There are too many to mention, but some of the highlights revolved around missed communications leaving people stranded, the beautiful taupe trousers being decorated with various gastronomic delights and the unnamed musical director being upgraded, not once but twice – I’m sure there is a musical term for it…
A certain well known South Island tenor was lucky to get away with just a fine after pinning a terrified Arab against a lift wall and asking him his opinion of Saddam Hussein.
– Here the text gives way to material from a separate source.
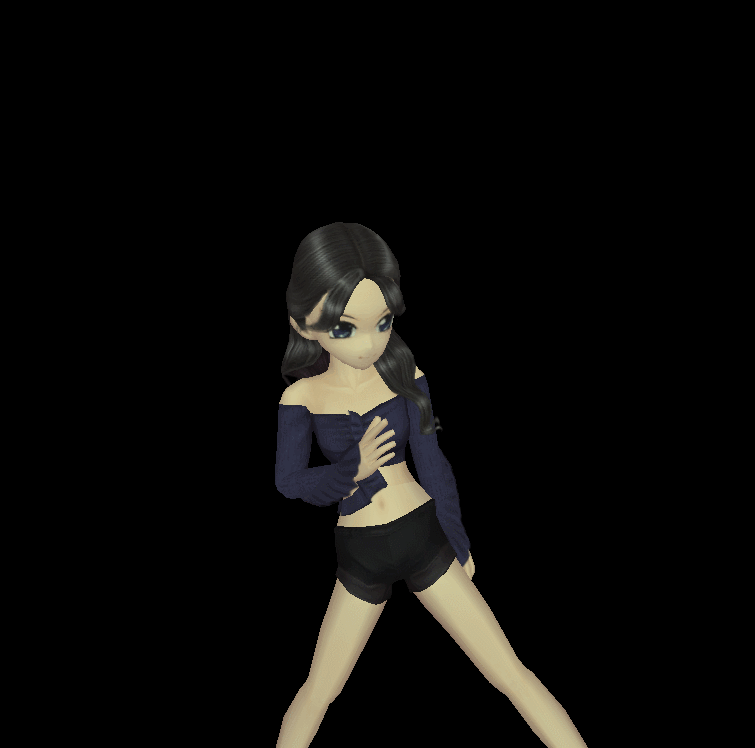 (#^.^#).gif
Poor guy didn’t even speak English (the Arab, not Stu)!
As promised, there are up to date images, including some ‘camel riding’ photos on the flickr link but unfortunately we missed the shot of the youngest, fittest and most supple choir member being the only one to get on and fall of the camel in one graceful move.
After the meeting, the men had a fairly grueling rehearsal until a very sumptuous lunch at the hotel.
Meanwhile, the supporters ably supported by going shopping in Chester, going to the Sebastian Coe Fitness Centre attached to the hotel or doing the wonderful task of hand washing. It costs $5 to have a pair of knickers washed so hand washing leaves more for spending (canny lot these supporters).
In the afternoon we were all bussed the hour’s journey into Llandudno, a holiday resort town on the coast in North Wales, to rehearse in St John’s Methodist Church for a concert later in the evening. It’s a beautiful wooden church built in 1865 with great acoustics. The hosts were extremely obliging and helpful, lots of juice, tea and biscuits to feed the men’s stamina – more on waist lines later.
We had a couple of hours after rehearsal to find somewhere to eat with choices ranging from fish ‘n’ chips to fish ‘n’ chips and yes you guessed it, more fish ‘n’ chips.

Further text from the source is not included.